Records shown:
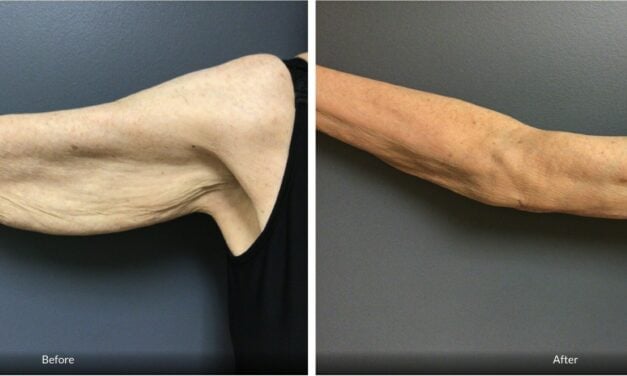 Aesthetic Center Sees Surge in Arm Lifts After Weight Loss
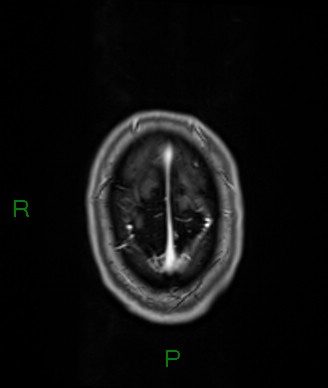 Cerebral abscess and subdural empyema (Radiopaedia 84436-99779 Axial T1 C+ 11).jpg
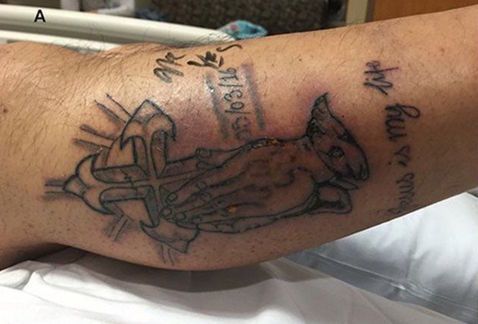 Muere hombre tras infección en tatuaje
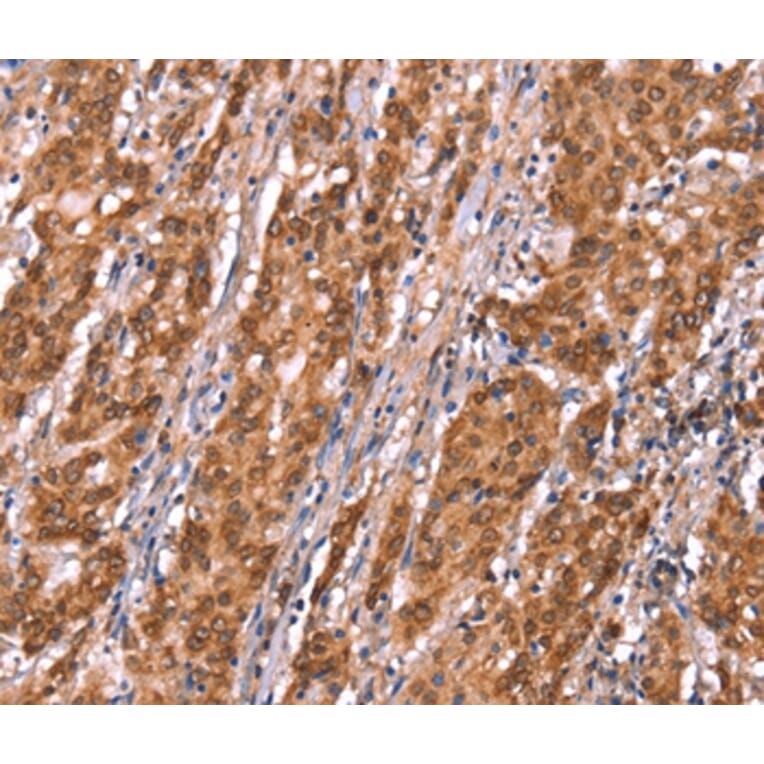 Immunohistochemistry - FAM13B Antibody from Signalway Antibody (37564) - Antibodies.com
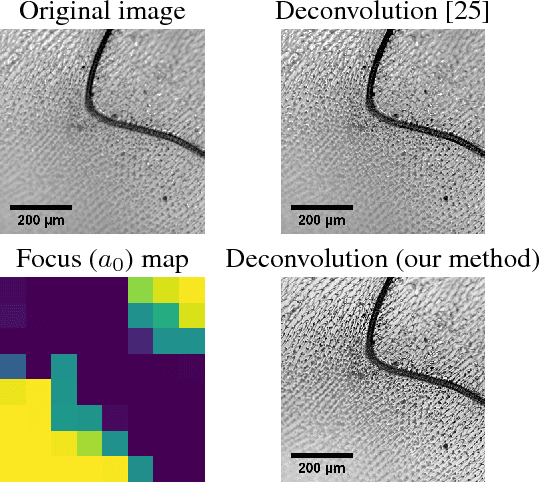 Figure 4 for Semi-Blind Spatially-Variant Deconvolution in Optical Microscopy with Local Point Spread Function Estimation By Use Of Convolutional Neural Networks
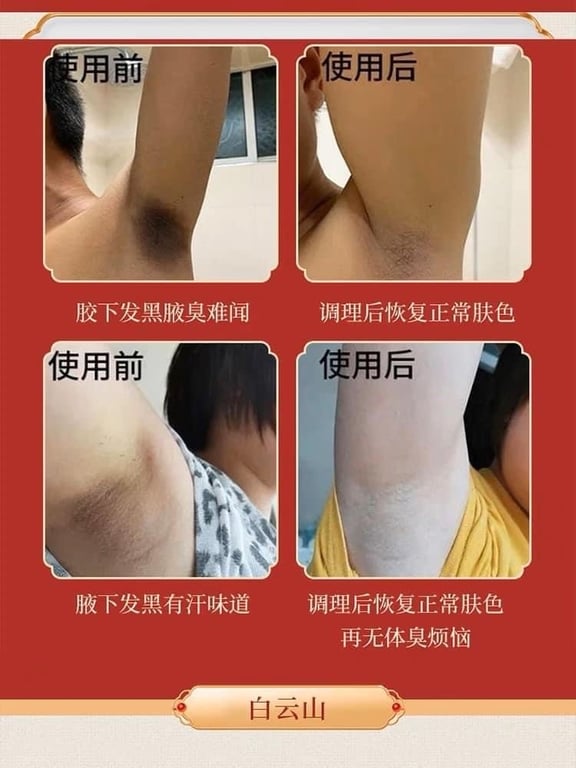 Tinh chất đặc trị hôi nách đông y Trung Quốc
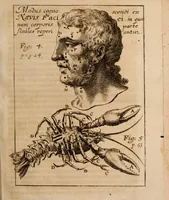 An illustration from Miscellanea curiosa, sive, Ephemeridum medico-physicarum Germanicarum Academiae Naturae curiosorum (1688)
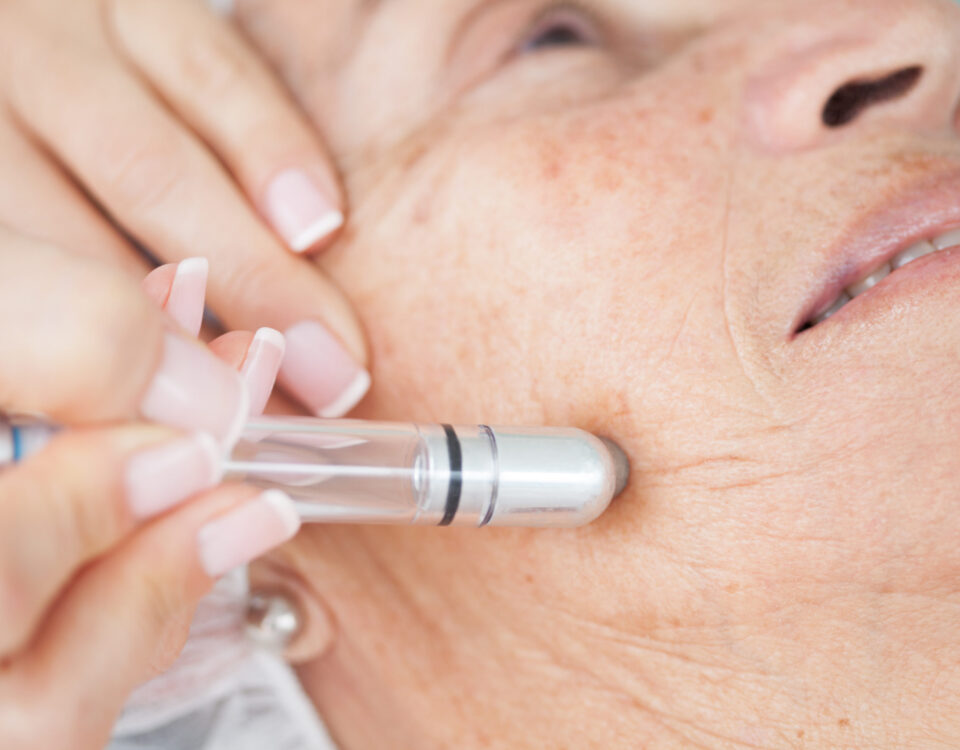 How Dermatologists Monitor Your Skin After Skin Cancer Treatment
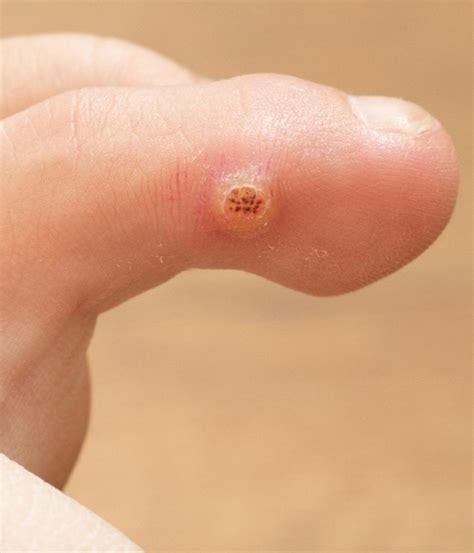 Warts & Removal | Mesa, AZ | Sagebrush Dermatology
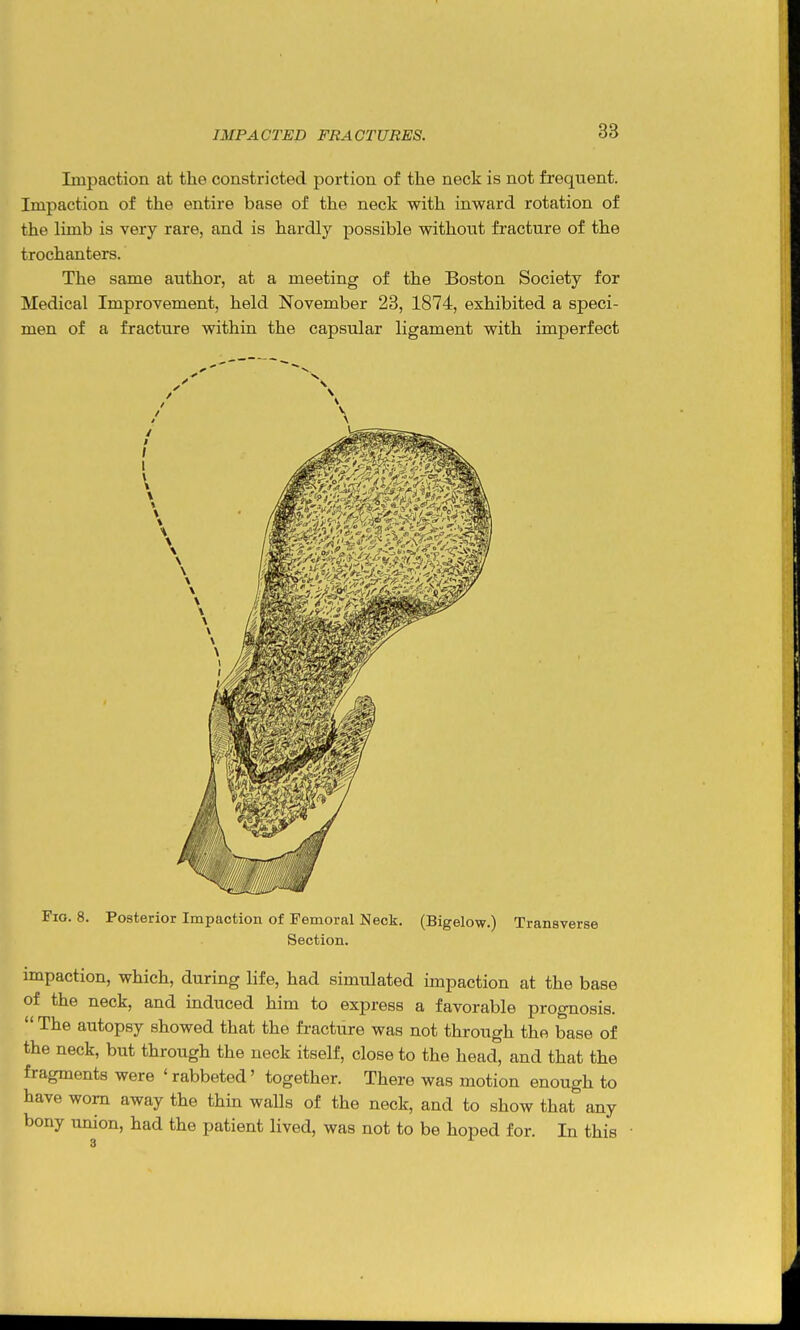 Impaction at the constricted portion of the neck is not frequent. Impaction of the entire base of the neck with inward rotation of the limb is very rare, and is hardly possible without fracture of the trochanters. The same author, at a meeting of the Boston Society for Medical Improvement, held November 23, 1874, exhibited a speci- men of a fracture within the capsular ligament with imperfect Fio. 8. Posterior Impaction of Femoral Neck. (Bigelow.) Transverse Section. impaction, which, during life, had simulated impaction at the base of the neck, and induced him to express a favorable prognosis.  The autopsy showed that the fracture was not through the base of the neck, but through the neck itself, close to the head, and that the fragments were ' rabbeted' together. There was motion enough to have worn away the thin walls of the neck, and to show that any bony union, had the patient lived, was not to be hoped for. In this •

Required action: With the pictures omitted, copy exactly the lines of the listing above starting at the line containing "Cerebral abscess and" and ending at the line containing "AZ | Sagebrush Dermatology", both included.

Solved problem:
 Cerebral abscess and subdural empyema (Radiopaedia 84436-99779 Axial T1 C+ 11).jpg
 Muere hombre tras infección en tatuaje
 Immunohistochemistry - FAM13B Antibody from Signalway Antibody (37564) - Antibodies.com
 Figure 4 for Semi-Blind Spatially-Variant Deconvolution in Optical Microscopy with Local Point Spread Function Estimation By Use Of Convolutional Neural Networks
 Tinh chất đặc trị hôi nách đông y Trung Quốc
 An illustration from Miscellanea curiosa, sive, Ephemeridum medico-physicarum Germanicarum Academiae Naturae curiosorum (1688)
 How Dermatologists Monitor Your Skin After Skin Cancer Treatment
 Warts & Removal | Mesa, AZ | Sagebrush Dermatology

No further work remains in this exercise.